* _Try it_
Output, exactly and alone, the lines from the one containing "Unboxing in progress, and" through the last line of the material below, both ends included.

* _Dataset section_
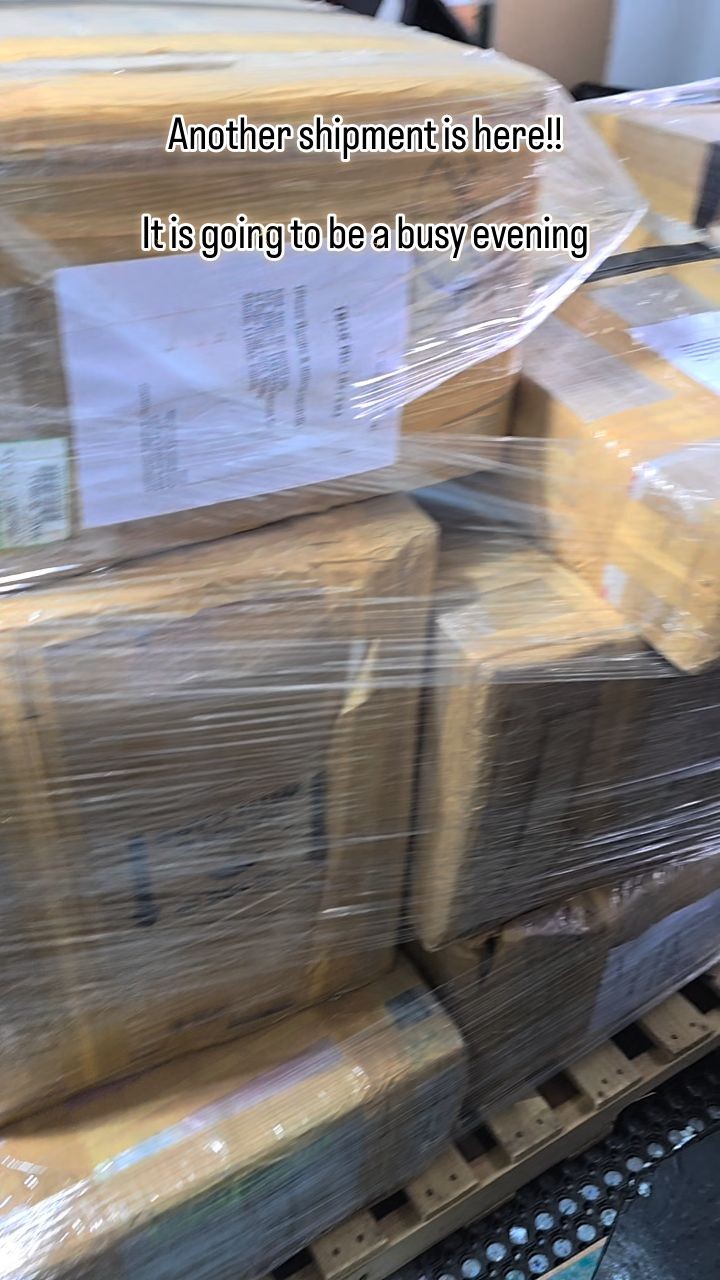 New shipment just arrived!
Unboxing in progress, and it's going to be a super busy evening. We are excited to check out all the equipment. Stay tuned—we’ll be sharing all the details with you very soon!
#UnboxingTime #NewArrival #ShipmentDay #BusyEvening #ExcitingStuff #BehindTheScenes #StayTuned #NewStock #ProductReveal #ComingSoon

* _Exercise solution_
Unboxing in progress, and it's going to be a super busy evening. We are excited to check out all the equipment. Stay tuned—we’ll be sharing all the details with you very soon!
#UnboxingTime #NewArrival #ShipmentDay #BusyEvening #ExcitingStuff #BehindTheScenes #StayTuned #NewStock #ProductReveal #ComingSoon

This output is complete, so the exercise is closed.